Wildlife biologist

    Janice Vaz

    Janice Vaz
    Janice Vaz moved from India to Australia to research the behaviours of big cats.

    Winner of the Australian Government Endeavour scholarship Janice Vaz spent her childhood watching nature documentaries, and now as a wildlife biologist her 9-5  life basically is one. Just with a little more lion poop … 

    How did you get into wildlife biology – was there loads of study involved?

    “Yep, and I did most of it in my hometown – Mumbai, India! I originally took up Zoology and Botany so I could learn about animals and plants, but after interning at a private vet clinic [in India] I realised that I didn’t just want to work with sick or injured animals. I decided I was more interested in studying animal behaviours, completed a masters in Wildlife Biology, applied for a doctorate degree and landed the Australian Government Endeavour scholarship which led me to come here to study.”

    Were you always a fan of STEM subjects at high school?

    “Yep! I fell in love with STEM subjects and I I’ve always liked the career opportunities they’ve presented. I spent most of my childhood watching shows on the Discovery Channel and National Geographic, so Biology has always been my favourite science.”

    Moving from India to Australia must have been huge. What kind of research are you working on here?

    “Big cat personalities! Many lions, tigers and leopards have been brought up or bred in captivity, and so my research looks at their behaviour under stress in order to improve their welfare. Some of the techniques I’m researching will be used in real rescue operations which will improve human-animal relationships and spread awareness about big cat welfare.”
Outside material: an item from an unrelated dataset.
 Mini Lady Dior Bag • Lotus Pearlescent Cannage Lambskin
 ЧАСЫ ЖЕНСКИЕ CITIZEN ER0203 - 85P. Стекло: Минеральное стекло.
    What does an average work day look like for you?

    “Every day is different! One day I might spend time collecting data and observing a lion’s behaviour. Another I might be in the lab – in my white coat – studying a big cat’s poop. I also work at a desk sometimes writing up my results and findings.”

    Processing a lion’s faecal samples – aka poop – is all in a day’s work for wildlife biologist Janice.

    Have you got a STEM Yoda – someone you really look up to in the industry?

    “I’ve always had excellent mentors, and my current PhD team are great! All of the pets I’ve had in the past have almost acted as mentors too, as they’ve helped me understand animals better.”

    What’s the coolest part about your job?

    “I get to work with big cats! They all have such unique personalities!”

    What do you do when you’re not working?

    “I usually end up drawing or painting animals [laughs]!”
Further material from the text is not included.